# Given entries:

·····

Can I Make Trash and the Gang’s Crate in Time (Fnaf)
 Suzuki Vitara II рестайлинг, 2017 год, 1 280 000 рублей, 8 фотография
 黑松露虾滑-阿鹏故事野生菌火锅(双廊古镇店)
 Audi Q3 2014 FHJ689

·····

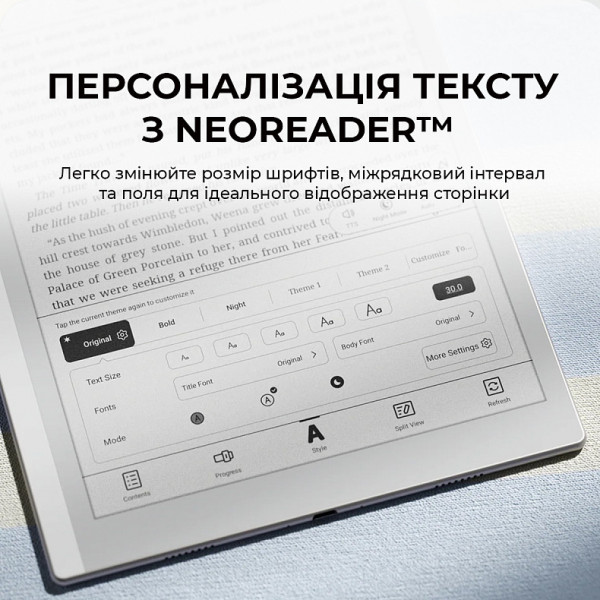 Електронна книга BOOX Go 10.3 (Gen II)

·····

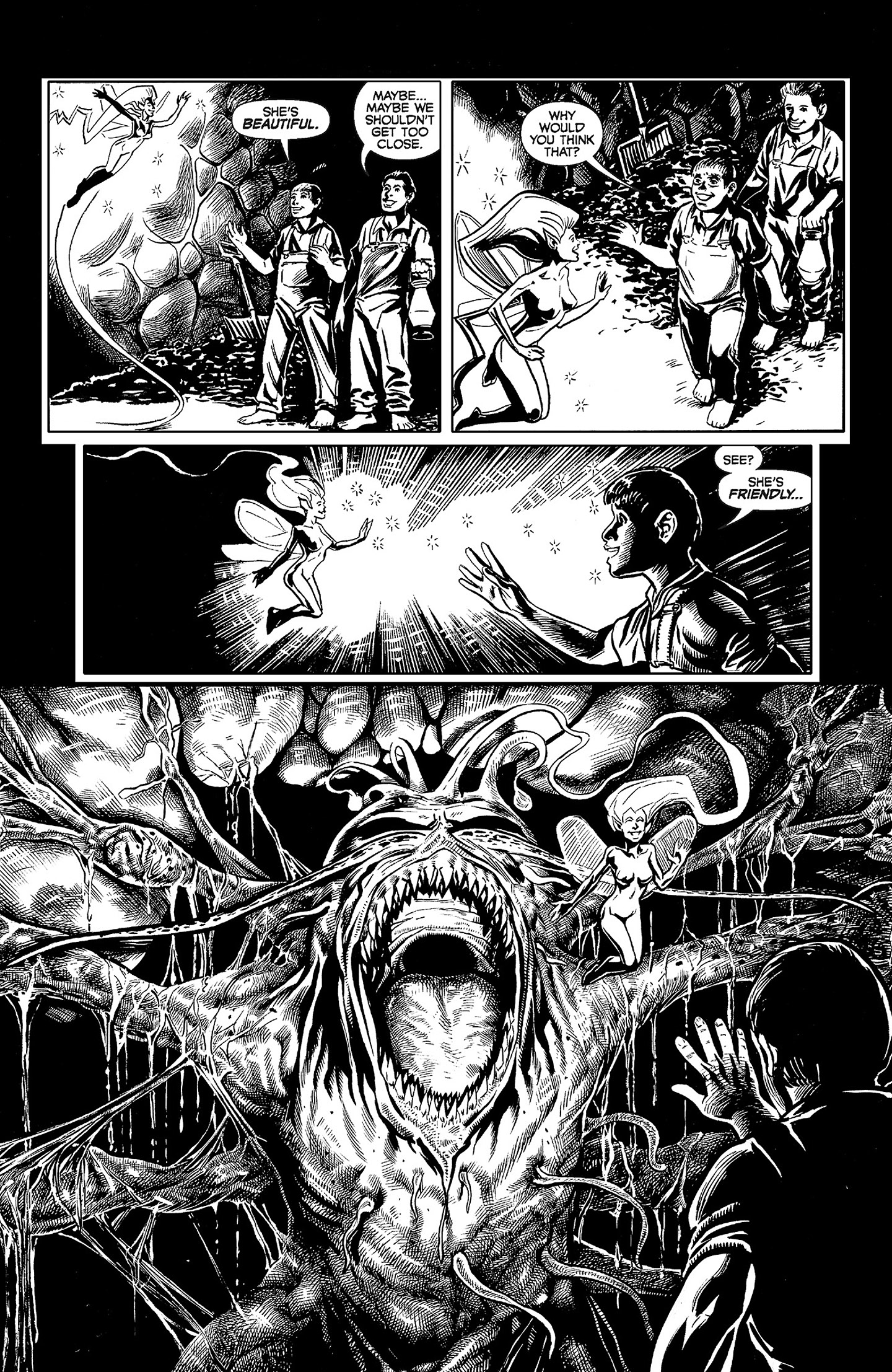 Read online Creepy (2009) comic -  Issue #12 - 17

·····

# Problem statement:
Looking at the data above, return every line from the one with "Can I Make Trash" down to the one with "Audi Q3 2014 FHJ689", exactly and inclusively.

# Exercise result:
Can I Make Trash and the Gang’s Crate in Time (Fnaf)
 Suzuki Vitara II рестайлинг, 2017 год, 1 280 000 рублей, 8 фотография
 黑松露虾滑-阿鹏故事野生菌火锅(双廊古镇店)
 Audi Q3 2014 FHJ689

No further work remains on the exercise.